Next, you need to download an opening book. This is because if you play the same engine against the same other engine 1000 times, the outcome will probably be the exact same every time. Adding an opening book introduces some variation by playing a few unique moves in the opening before the engine starts playing. For my project, I used 8moves_v3.pgn from stockfish.

Then, you can start an engine chess tournament using fastchess:

fastchess \
    -engine cmd=engine_new name="The new engine" \
    -engine cmd=engine_old name="The old engine" \
    -pgnout file="games.pgn" \
    -openings file=8moves_v3.pgn format=pgn order=random \
    -each tc=8+0.08 \
    -rounds 5000 -repeat \
    -concurrency 8 \
    -recover \
    -sprt elo0=0 elo1=10 alpha=0.05 beta=0.1

Flag by flag, this is what this command means:

-engine: This is the path to the executables of the engines you want to test. You can assign a human-readable name to each of them.
-pgnout: This is a Portable Game Notation (PGN) output file, where fastchess will export all the games played in the tournament.
- Notably, the Lichess analysis board lets you import these games for you to review them.
- You may also create a Lichess study and import multiple games at once.
-openings: This specifies the opening file mentioned above.
-each tc: The “each” sets an option for both engines. The “tc” is the time control. This specifically means “8 seconds, plus an increment of 0.08 seconds per move played.”⁵
-rounds: Play 5000 rounds at most. Each round uses one single opening.
-repeat: Each round, play two games (swap the players’ colors for the second game).
-concurrency: Play 8 games at once. The more cores you have on your computer, the faster you can perform an SPRT.
-recover: If an engine crashes, restart it.
-sprt: These set the parameters for SPRT. Alpha and beta are the false positive and false negative rates, and elo0 and elo1 are the two hypotheses we want to test.

Fastchess has a decent man page and --help page, so consult those for more information.

One of the main pain points of using fastchess is that you have to compile your engines repeatedly and deal with all the executable files. Seemingly, many people (including me) accelerate this process by writing a shell script to automate it. Here is my shell script. Essentially, in my code repository, I can use git tag to mark the old and new version with descriptive names. Then, the script can take the tags, compile the respective versions, then run fastchess on them.

Another important point is the time control. Humans typically don’t play 8+0.08, because they can’t really think that fast. But in SPRT, you typically need thousands of games to achieve a statistically significant result. Therefore, developers often use a short time control (called STC), so that we can run these games in a practical time frame. The opposite is a long time control (LTC), which is closer to human blitz chess.

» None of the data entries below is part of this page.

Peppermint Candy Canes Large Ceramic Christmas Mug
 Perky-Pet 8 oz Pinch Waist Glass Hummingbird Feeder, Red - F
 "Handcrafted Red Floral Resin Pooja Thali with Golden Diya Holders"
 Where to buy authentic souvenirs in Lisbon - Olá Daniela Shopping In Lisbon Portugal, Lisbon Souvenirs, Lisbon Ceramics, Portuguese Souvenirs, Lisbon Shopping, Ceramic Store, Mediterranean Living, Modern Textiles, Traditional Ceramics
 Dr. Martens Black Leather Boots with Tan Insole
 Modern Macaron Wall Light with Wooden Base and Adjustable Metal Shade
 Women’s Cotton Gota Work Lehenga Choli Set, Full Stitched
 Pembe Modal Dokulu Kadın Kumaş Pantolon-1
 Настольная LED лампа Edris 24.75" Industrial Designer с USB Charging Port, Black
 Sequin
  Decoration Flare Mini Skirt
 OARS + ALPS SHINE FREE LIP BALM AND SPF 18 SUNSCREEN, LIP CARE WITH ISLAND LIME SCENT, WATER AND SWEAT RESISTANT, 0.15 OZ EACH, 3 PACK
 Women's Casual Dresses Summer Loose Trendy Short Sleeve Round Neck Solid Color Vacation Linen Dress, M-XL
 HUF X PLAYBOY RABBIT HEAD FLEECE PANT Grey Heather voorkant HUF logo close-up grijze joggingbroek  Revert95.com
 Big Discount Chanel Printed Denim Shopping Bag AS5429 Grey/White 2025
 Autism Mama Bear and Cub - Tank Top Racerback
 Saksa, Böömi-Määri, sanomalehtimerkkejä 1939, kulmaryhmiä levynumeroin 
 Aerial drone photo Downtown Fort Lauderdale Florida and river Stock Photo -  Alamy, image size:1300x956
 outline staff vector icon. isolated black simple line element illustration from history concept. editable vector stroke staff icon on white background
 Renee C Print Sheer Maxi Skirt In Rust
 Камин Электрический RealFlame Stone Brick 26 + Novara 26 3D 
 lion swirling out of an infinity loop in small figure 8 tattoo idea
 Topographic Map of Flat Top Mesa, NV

At this point in the series, I still haven’t covered time management yet, so if you’re writing an engine and you don’t have that feature, set its depth searched to some low number such that it’s fast enough to play a game in 8+0.08 time.

The other parameter you might want to tune are the SPRT hypotheses. [0, 10] works for testing a relatively big improvement. But if you are doing a non-regression test, i.e. testing that engine A is just as good as than engine B, you should use [-10, 0] instead. For example, this could be useful if you do a refactor and you want to make sure you did not accidentally weaken the engine’s code.

Also, if you’re testing really minuscule changes that only slightly affect engine performance, you might want to consider using a smaller value, like [0, 5]. See the Chess Programming Wiki article about SPRT for more examples.

Interpreting the output

Once you’re running fastchess, you should start seeing the outcomes of the chess games. Periodically, fastchess will also give a status report that looks like this:

--------------------------------------------------
Results of c_i nnue08a-512 (920bea1) vs c_i eval-saturating (9b3074e) (8+0.08, NULL, 500MB, 8moves_v3.pgn):
Elo: 107.54 +/- 127.62, nElo: 144.54 +/- 152.27
LOS: 96.86 %, DrawRatio: 50.00 %, PairsRatio: 4.00
Games: 20, Wins: 12, Losses: 6, Draws: 2, Points: 13.0 (65.00 %)
Ptnml(0-2): [0, 1, 5, 1, 3], WL/DD Ratio: inf
LLR: 0.17 (-2.25, 2.89) [0.00, 10.00]
--------------------------------------------------

The main statistic you want to look at in this status report is the LLR (here, 0.17), which is the log-likelihood ratio of SPRT, as discussed above. The (-2.25, 2.89) represent the A and B bounds, and [0.00, 10.00] are the Elo hypotheses.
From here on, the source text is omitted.